PROBLEM TO SOLVE —
Reproduce the listing in full. Omit the pictures.

DATA SECTION below:

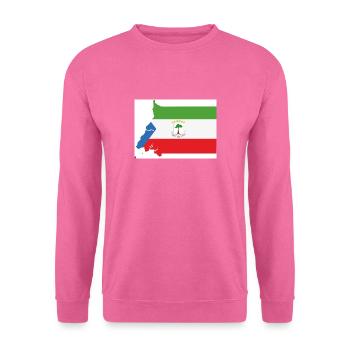 Flagge Äquatorialguinea, Map - Unisex Pullover - Pink - Vorne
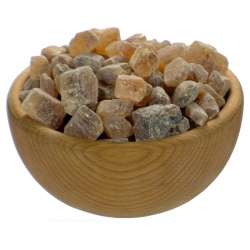 CUKIER KANDYZOWANY BRĄZOWY GRUBY 1000g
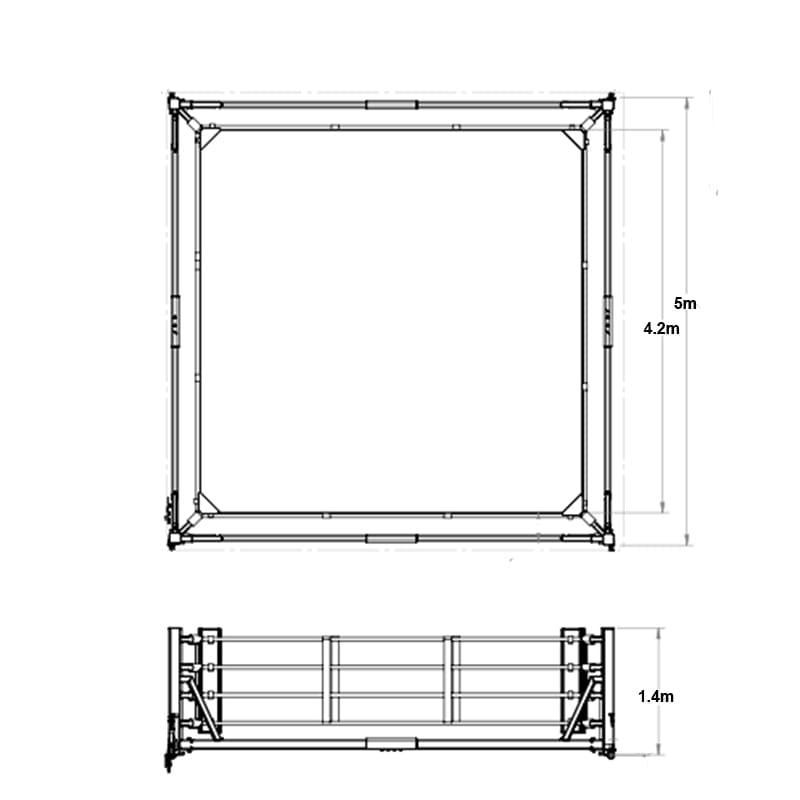 BEBAK BOXING foldable boxing ring, please inquire - BEBAK BOXING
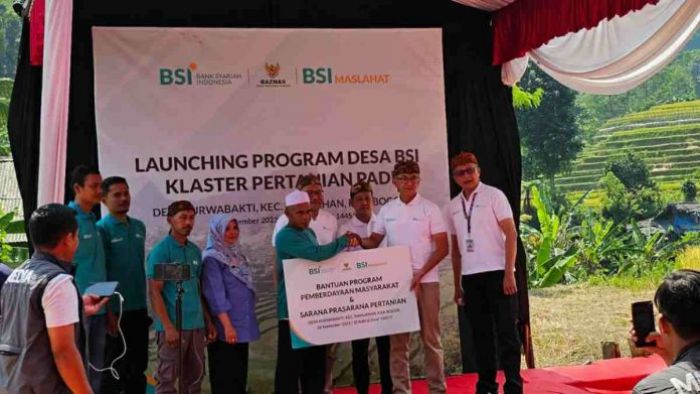 Desa Klaster Pertanian Padi Di-Launching BSI di Desa Purwabakti Kecamatan Pamijahan, Bogor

End of DATA SECTION.

OUTPUT OF THE TASK —
 Flagge Äquatorialguinea, Map - Unisex Pullover - Pink - Vorne
 CUKIER KANDYZOWANY BRĄZOWY GRUBY 1000g
 BEBAK BOXING foldable boxing ring, please inquire - BEBAK BOXING
 Desa Klaster Pertanian Padi Di-Launching BSI di Desa Purwabakti Kecamatan Pamijahan, Bogor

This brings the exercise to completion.